A breakthrough in speech recognition with Deep-Neural-Network approach

As you may know, I’m a big fan of a Microsoft Research technology known as MAVIS – it indexes audio and video content and then allows you to search for a word or phrase across that content and jump to the exact point at which it was uttered.

It’s one of those things that’s easier to try for yourself than for me to explain so check out this search I performed across all of the content from our /BUILD conference for the word Metro. The key is to hover over the “bubbles” that appear beneath the text to jump to the precise moment in the video.

image

A recent post by Rob Knies on the Inside Microsoft Research blog details so new advances in our speech technology – something with the mysterious name Deep-Neural-Network Speech Recognition. MAVIS is being updated to include this technology and it’s the first time deep-neural-networks (DNN)-based speech-recognition algorithm in a commercial product. It’s been heralded as a breakthrough and the “Holy Grail of speech recognition”. So what is DNN?

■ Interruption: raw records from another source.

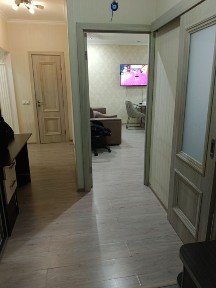 Продам 2-х комнатную квартиру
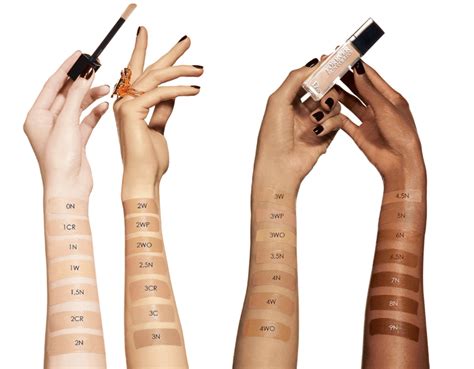 dior forever skin correct concealer swatches 2wo|Dior concealer sephora.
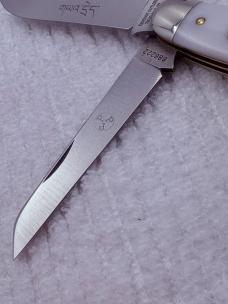 Great Eastern Cutlery Tidioute Classic 88822 2 Blade Pocket Knife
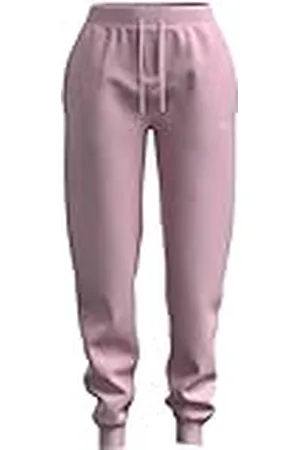 HUGO BOSS Easy Jogger damesbroek Light/Pastel Pink682, XS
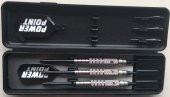 Harrows Power Point 16gr Dart Oku - 1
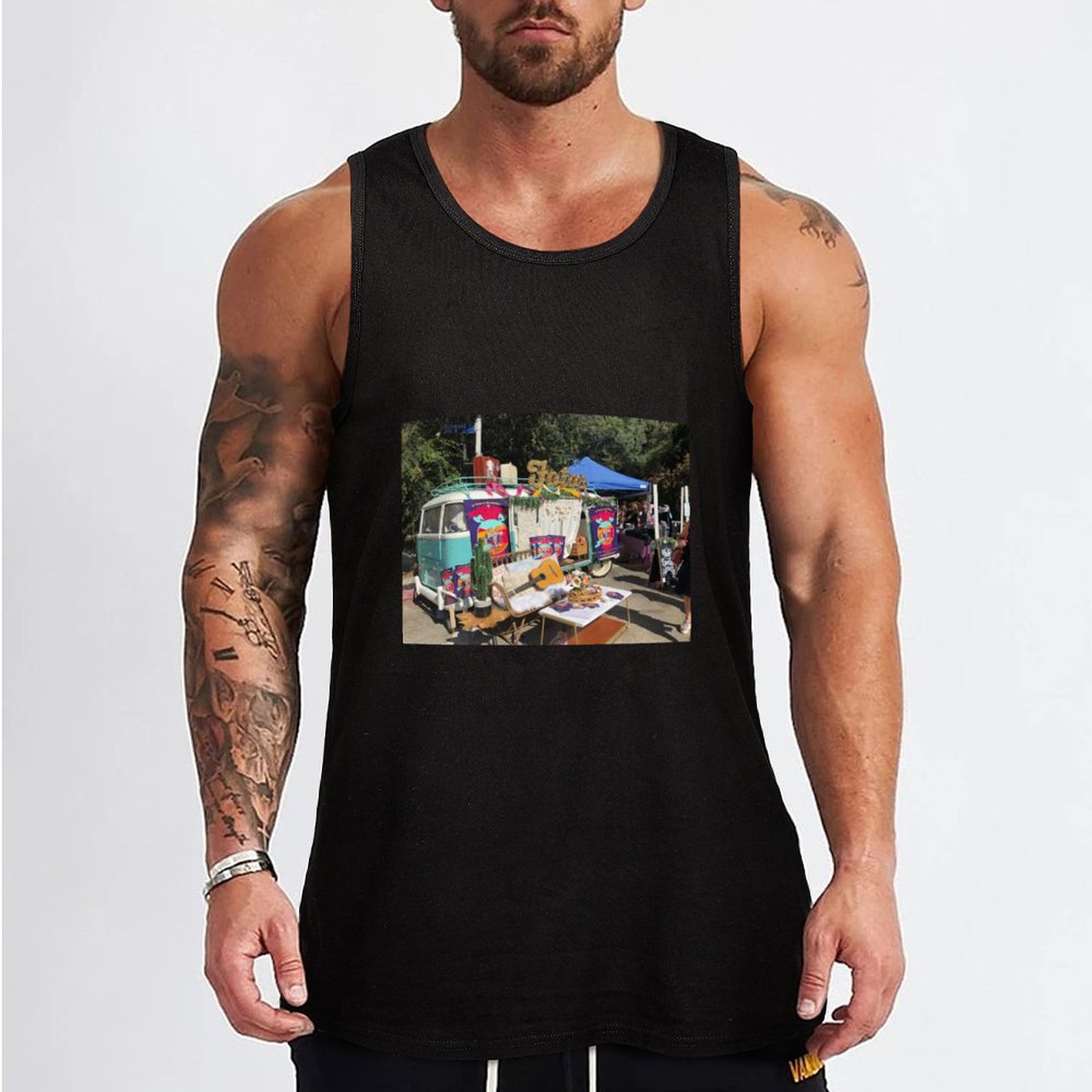 Love Street Laurel Canyon Los  - Street Fashion California 评论和价格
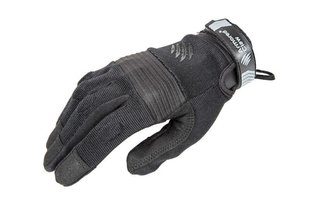 Тактичні рукавиці Armored Claw CovertPro Hot Weather Black Size XXL 17878-xxl фото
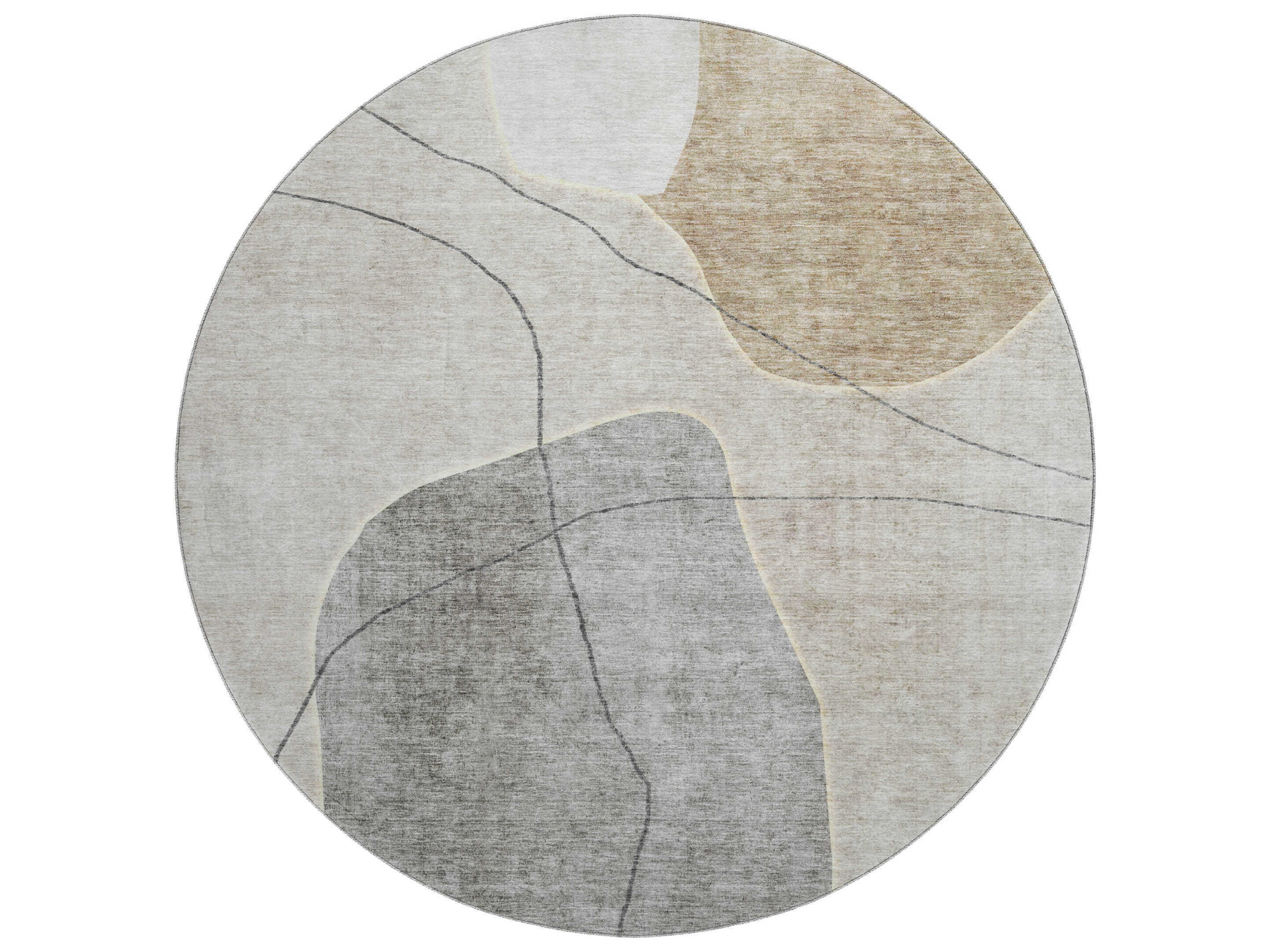 Dalyn Mayfield Abstract Area Rug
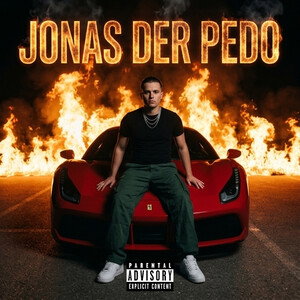 Jonas der pedo 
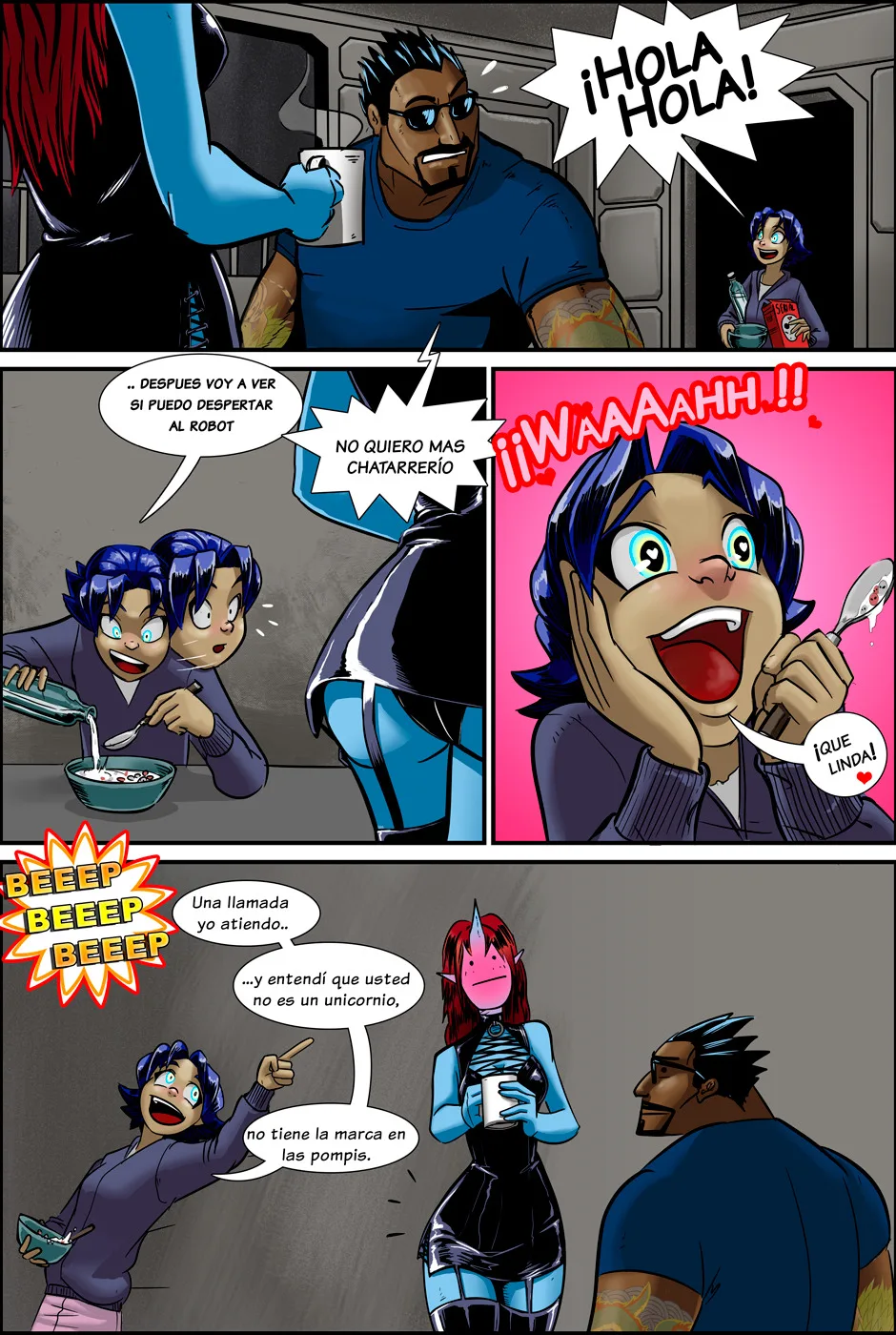 Página 5 del capítulo 4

In a post from August last year when the technology was first presented, Janie Chang explained:

Commercially available speech-recognition technology is behind applications such as voice-to-text software and automated phone services. Accuracy is paramount, and voice-to-text typically achieves this by having the user “train” the software during setup and by adapting more closely to the user’s speech patterns over time. Automated voice services that interact with multiple speakers do not allow for speaker training because they must be usable instantly by any user. To cope with the lower accuracy, they either handle only a small vocabulary or strongly restrict the words or patterns that users can say.

 

The ultimate goal of automatic speech recognition is out-of-the-box speaker-independent services that don’t require user training. That’s where DNN comes in

Artificial neural networks (ANNs), mathematical models of the low-level circuits in the human brain, have been a familiar concept since the 1950s. The notion of using ANNs to improve speech-recognition performance has been around since the 1980s. The Speech group at Microsoft Research Redmond became interested in ANNs when recent progress in building more complex “deep” neural networks (DNNs) began to show promise at achieving state-of-the-art performance for automatic speech-recognition tasks.

A speech recognizer is essentially a model of fragments of sounds of speech. An example of such sounds are “phonemes,” the roughly 30 or so pronunciation symbols used in a dictionary. State-of-the-art speech recognizers use shorter fragments, numbering in the thousands, called “senones.” The research took a leap forward the group proposed modeling the thousands of “senones”, much smaller acoustic-model building blocks, directly with DNNs.

By modeling senones directly using DNNs, the system outperformed state-of-the-art conventional speech-recognition systems by more than 16%. That may not sound like a lot but it’s considered extremely significant in  research arena that has been an for more than five decades. What’s more, this was all being achieved without expensive hardware that may typically be required. Further testing revealed a 33% relative improvement compared with results obtained by a state-of-the-art conventional system.

And in under a year, this is all being rolled in to the MAVIS system.